Making the leap from a passionate hobbyist to full-time artist is a test of many things, including confidence, fear, skill, and efficiency. A little-known printmaker from the early 20th century made this jump, and his story, and his works, are getting a spotlight here.

Say the name “F. Townsend Morgan (1883-1965).” Doesn’t ring any bells, does it? Indeed, even most art historians that study art of the late 19th and early 20th centuries don’t know the name. However, independent scholar Stephen Goldfarb was taken aback by this little-known printmaker’s work, which has led to a remarkable exhibition of Morgan’s work at the Georgia Museum of Art in Athens, Georgia.

On view from June 17 through September 10, “Avocation to Vocation: Prints by F. Townsend Morgan” is a presentation of about 30 of the artist’s prints, drawings, studies, and a few watercolors. “Morgan’s prints of sailboats, in particular, caught Goldfarb’s eye,” the museum suggests. “They reminded him of James McNeill Whistler’s images of similar subjects, rendered with minimal detail that nonetheless captures sky, sea, boat, and land. Indeed, Morgan studied with the artist Joseph Pennell in Philadelphia, who knew Whistler and served as his first biographer. Although Morgan’s work was not well known, its quality was high.

“Morgan was born in 1883 and grew up in Brooklyn, New York. He studied art at the Pratt Institute in Brooklyn and the Art Students League in New York City, learning from artists Arthur Dow, George Bridgman, and John F. Carlson. In Philadelphia, he was associated with the Sketch Club, the Print Club, and the Pennsylvania Academy of the Fine Arts. When he and his family fell on hard times, he found work with various New Deal art programs, traveling to the Virgin Islands and Florida.

“Morgan first found work with the Public Works Art Project in Philadelphia, in 1933. Specifically established to get the unemployed through the winter of that year, it was the first of several federal government programs that employed out-of-work artists. One of his assignments was to make drawings of slum conditions in Philadelphia for First Lady Eleanor Roosevelt to use in a talk. Two etchings resulted from these drawings, both of which are in the exhibition.

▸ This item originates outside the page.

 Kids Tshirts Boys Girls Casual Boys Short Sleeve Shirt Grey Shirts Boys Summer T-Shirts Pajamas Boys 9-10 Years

“Through the Federal Relief Agency sponsored by Key West Art Project, Morgan journeyed to Key West, Florida, and began working on prints of the surrounding seascapes and coastal life. From 1936 to 1937, he worked for the Treasury Relief Art Project (TRAP) in the Virgin Islands, the smallest of the four New Deal art programs. He then returned to Key West and established its Community Art Center in 1941. In 1948, he became the artist-in-residence at St. John’s College in Annapolis, Maryland, a position he held until 1950. Along the way, he drew illustrations for a book on clouds and weather patterns, designed a stamp for the 300th anniversary of Annapolis, and made postcards of popular Key West scenes to promote tourism on the island.

“Morgan won prizes for his work, and his prints belong to the collections of the Library of Congress, the New York Public Library, and the Treasury Department of the United States, as well as the Georgia Museum of Art. He seems to have managed to support himself and his family through his commissions and various federally funded gigs. Goldfarb says he hopes that this exhibition will draw attention to Morgan’s ‘considerable oeuvre’ of prints and that they can become a small part of American art history.”

To learn more, visit the Georgia Museum of Art.

This article was featured in Fine Art Today, a weekly e-newsletter from Fine Art Connoisseur magazine. To start receiving Fine Art Today for free, click here.

You’ll Love ‘New York City Women’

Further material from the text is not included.